Les 75 représentants libyens de tous bords participant au Forum de dialogue politique se sont retrouvés de nouveau à Genève pour se prononcer d’ici le 5 février sur une liste de 45 candidats, dévoilée samedi par la mission de l’ONU en Libye (Manul). Il sera question de choisir un nouveau Premier ministre et un Conseil présidentiel de trois membres. Dans ses tentatives visant à mettre fin à la crise en Libye qui a duré près de dix ans, l’ONU a pu réunir le 13 novembre à Tunis, des pourparlers inter-libyens axés sur la réunification du gouvernement du pays. Ces pourparlers ont débouché sur un accord pour une présidentielle le 24 décembre 2021, mais pas sur le mécanisme de désignation d’un exécutif unifié pour assurer la transition jusqu’au scrutin. Le forum a ensuite tenu plusieurs cycles de pourparlers et a approuvé, le 19 janvier, le mécanisme de sélection de l’autorité exécutive transitoire. Il s’agit d’un arrangement de vote proposé par l’ONU qui combine deux propositions distinctes: un mécanisme régional et un autre basé sur des listes préconstituées. Stéphanie Williams, représentante spéciale par intérim du SG de l’ONU pour la Libye l’a qualifié de « meilleur compromis qui puisse être atteint, car cette proposition respecte la dimension régionale (de la Libye), et encourage les parties libyennes à transcender leurs divisions afin de promouvoir la compréhension et de construire l’unité dans le pays ». Toutefois, Crisisgroup qui citent des politiciens et analystes politiques libyens, estime que « la procédure est semée d’embûches ». Les analystes considèrent que si les délégués d’une région élisent leur représentant au Conseil présidentiel, alors que les autres groupements régionaux ne font pas de même, le processus exigera que le vainqueur de la première région soit le candidat dans toutes les listes présentées dans la deuxième phase de sélection. Les critiques disent que cette règle « contredit l’idée derrière l’approche basée sur des listes, qui consistait à avoir une liste de candidats prêts à travailler ensemble, plutôt qu’un assortiment plus aléatoire de candidats.La contestation, selon eux, « est prévisible dans les différents tours de scrutin, surtout si ceux-ci ne produisent pas le résultat qu’une faction ou l’autre souhaite ».
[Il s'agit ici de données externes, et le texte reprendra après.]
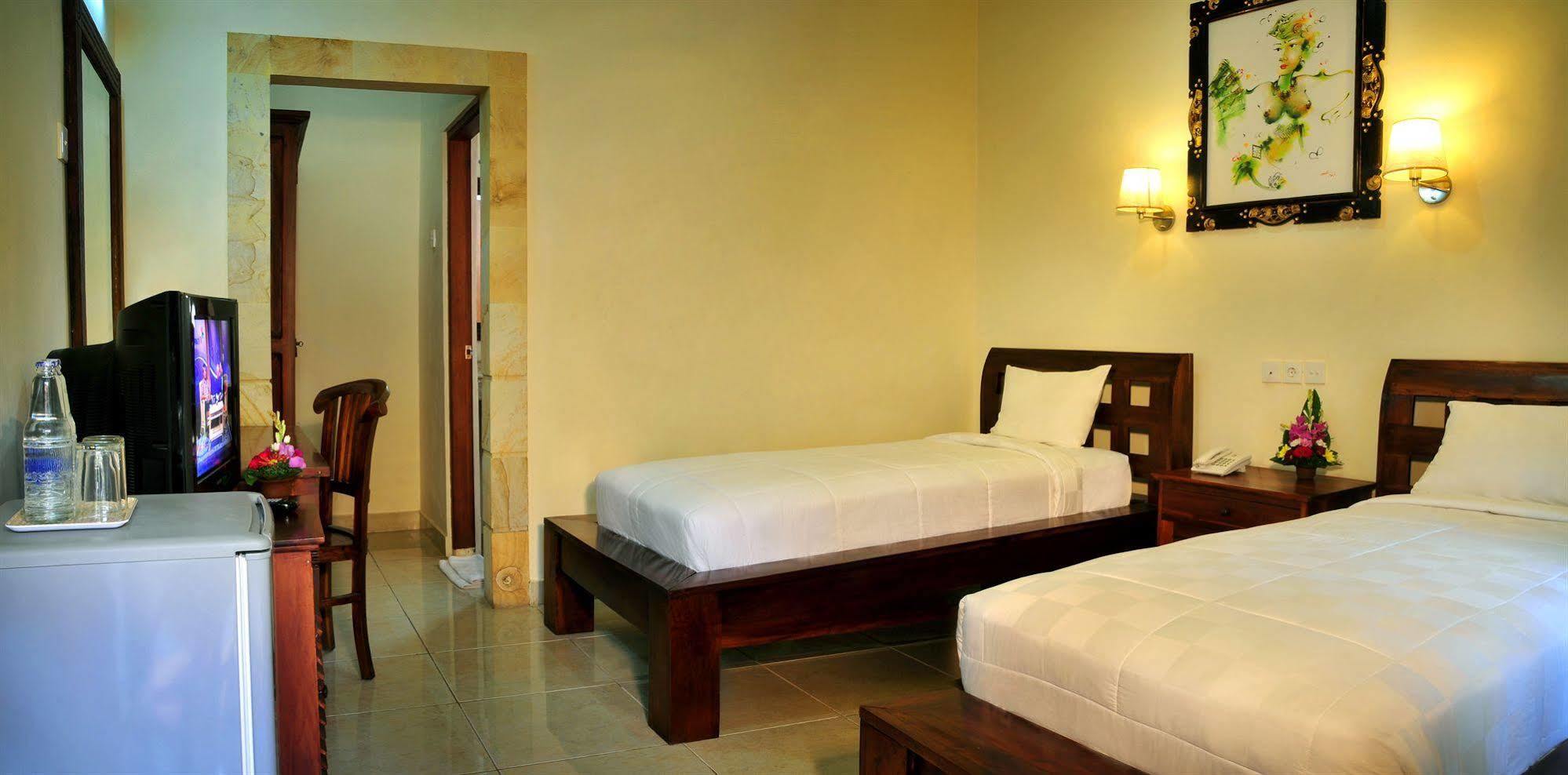 Puri Yuma Hotel Denpasar Zewnętrze zdjęcie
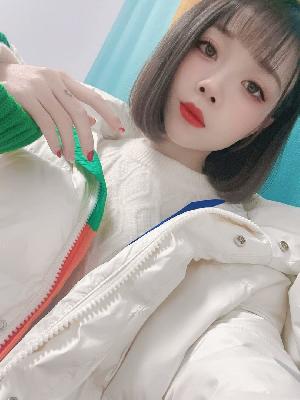 一个很年轻的妹子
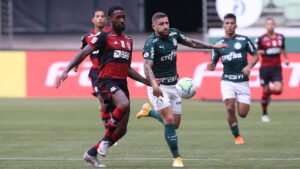 Palmeiras e Flamengo se enfrentam pela Supercopa do Brasil neste sábado (28)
Forum du dialogue politique libyen: un nouveau cycle de pourparlers à Genève
Selon Crisis Group, l’accord sur un mécanisme de vote « est sans aucun doute un pas en avant dans le processus de paix, tout comme la tentative de redonner aux acteurs politiques libyens des pouvoirs pour l’élection des principaux représentants du pays ». Pourtant, souligne-t-on, l’accent mis par l’ONU sur le procédure ignore une vérité inconfortable. Il se trouve, d’après Crisis Group, que « la plupart des parties prenantes libyennes, ainsi que de nombreux diplomates étrangers, ne sont pas vraiment préoccupés par la manière dont les hauts fonctionnaires seront sélectionnés. Ce sur quoi les délégués se sont vraiment disputés, c’est la question de savoir qui devrait prendre en charge le pays ». « Sur ce point, il est difficile de voir émerger un consensus », avance le Think Tank. Le Crisis Group, argue que tous les indices indiquent « la probabilité que des factions politiques concurrentes puisent dans un éventail de tactiques (…) anticiper ce qu’un groupe ou un autre considère comme un résultat défavorable, comme plusieurs groupes l’ont fait dans le passé ». Les outils disponibles vont de l’exercice d’un effet de levier pour enraciner le statu quo (par exemple, en prenant des rendez-vous de dernière minute ou en incitant à des différends sur le prétendu manque de représentation du forum soutenu par l’ONU) à la mobilisation de groupes armés pour déclencher des hostilités qui arrêteraient les pourparlers, illustre-t-il. « Les pots-de-vin ou autres incitations financières pour les participants au dialogue ou leurs affiliés ne peuvent pas non plus être exclus », a-t-on noté. « Un dialogue politique raté n’est certainement pas ce dont la Libye a besoin, mais il est toujours dangereusement possible », a-t-on fait remarquer par ailleurs.